Liturgische kleuren : de verschillende officiële kleuren die gebruikt worden in de kerk: wit voor grote feesten Kerstmis, Pasen, Rood voor Pinksteren (kleur van vuur!) en martelaren (kleur van bloed), paars in de vasten, bij boetevieringen en in de Advent; groen wanneer er gewoon niets bijzonders aan de hand is. Zwart en grijs worden gebruikt voor rouw.

Liturgische commissie : een groep mensen die een rooster samenstellen voor de verschillende vieringen in een parochie.

Lof: een viering die vroeger ‘s avonds plaats vond. Hierbij werd meestal de hostie op het altaar gezet in een monstrans en er werd veel bij gezongen, vaak werd er een rozenhoedje gebeden en er werd een heleboel wierook gebruikt.

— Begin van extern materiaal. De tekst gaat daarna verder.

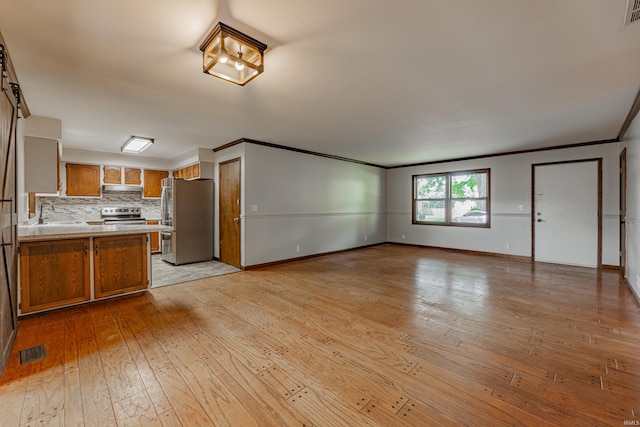 kitchen featuring light wood-type flooring, kitchen peninsula, decorative backsplash, appliances with stainless steel finishes, and ornamental molding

Lofzang: een lied waarin eer aan God gebracht wordt. Er bestaan drie heel bekende vanuit het nieuwe testament: het Magnificat, dit is de lofzang van Maria; het Benedictus, dit is de lofzang van Zacharias en de lofzang van Simeon.

Lourdes: de grootste bedevaartplaats van Maria. Dit stadje ligt in Zuid Frankrijk in een dal van de Pyreneeën.

Lourdeswater: water uit de bron in Lourdes die ontsprongen is toen Bernadette van Maria moest graven naar water. Het is gewoon helder water en zo zuiver dat het jaren lang goed kan blijven.

Luchtbogen: stenen bogen, aan de buitenkant van een oude grote kerk ( b.v. een kathedraal). Hiermee wordt de constructie ondersteund en blijven de muren rechtop staan. De St. Jan in Den Bosch heeft ze ook en daar zijn ze mooi versiert met allerlei figuurtjes die er op zitten!

Lucia: een van de oudste heiligen en zij brengt ook licht in donkere dagen. Vooral in de Scandinavische landen wordt zij vereerd. Daar is haar feestdag net zo’n feest als bij ons St. Nicolaas.

Lucifer: eigenlijk was hij een engel, maar volgens de oude verhalen kwam hij in opstand tegen God en werd toen door de aartsengel Michaël uit de hemel gegooid. Toen werd Lucifer een duivel en werd hij de baas in de hel.

Lunella: een voorwerp van twee bolle plaatjes glas, met een gouden randje. Het is een soort doosje, waarin een grote ronde hostie past. Dit doosje past weer precies in een monstrans en werd ( wordt) in het tabernakel bewaard.

Luther: hervormer die kwam in opstand kwam tegen de praktijken van het verkopen van aflaten en zijn eigen geloofsregels ontwikkelde . Hiermee kwam hij in opstand tegen de kerk, hij protesteerde dus, vandaar dat zijn volgelingen de protestanten genoemd worden.